Prompt ::
All of the data below should be printed again word for word, pictures excluded.
━━ Provided records ━━
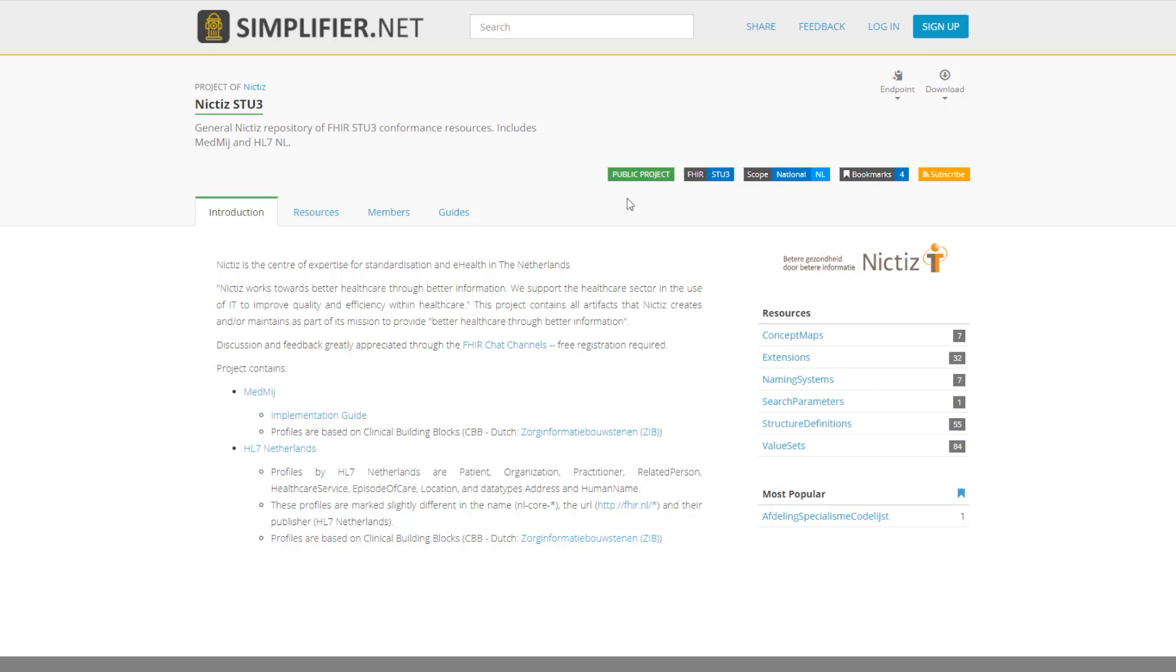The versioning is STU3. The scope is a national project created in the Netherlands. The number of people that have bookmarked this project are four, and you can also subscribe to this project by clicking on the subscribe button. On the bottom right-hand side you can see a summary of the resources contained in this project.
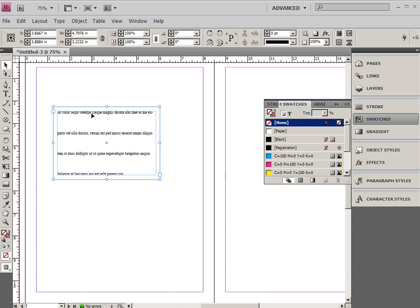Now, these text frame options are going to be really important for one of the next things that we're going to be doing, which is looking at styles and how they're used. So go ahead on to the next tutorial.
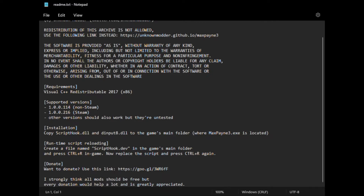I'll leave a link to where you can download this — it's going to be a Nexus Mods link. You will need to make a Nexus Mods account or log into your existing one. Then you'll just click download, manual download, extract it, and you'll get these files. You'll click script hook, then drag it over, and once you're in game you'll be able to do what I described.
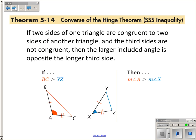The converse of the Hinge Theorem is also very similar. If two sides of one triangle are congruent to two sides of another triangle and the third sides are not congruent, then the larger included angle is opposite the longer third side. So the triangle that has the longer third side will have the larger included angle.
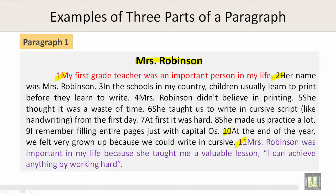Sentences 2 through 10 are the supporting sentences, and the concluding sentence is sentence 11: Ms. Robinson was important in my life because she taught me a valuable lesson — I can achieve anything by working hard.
━━━
Exercise output ::
The versioning is STU3. The scope is a national project created in the Netherlands. The number of people that have bookmarked this project are four, and you can also subscribe to this project by clicking on the subscribe button. On the bottom right-hand side you can see a summary of the resources contained in this project.
Now, these text frame options are going to be really important for one of the next things that we're going to be doing, which is looking at styles and how they're used. So go ahead on to the next tutorial.
I'll leave a link to where you can download this — it's going to be a Nexus Mods link. You will need to make a Nexus Mods account or log into your existing one. Then you'll just click download, manual download, extract it, and you'll get these files. You'll click script hook, then drag it over, and once you're in game you'll be able to do what I described.
The converse of the Hinge Theorem is also very similar. If two sides of one triangle are congruent to two sides of another triangle and the third sides are not congruent, then the larger included angle is opposite the longer third side. So the triangle that has the longer third side will have the larger included angle.
Sentences 2 through 10 are the supporting sentences, and the concluding sentence is sentence 11: Ms. Robinson was important in my life because she taught me a valuable lesson — I can achieve anything by working hard.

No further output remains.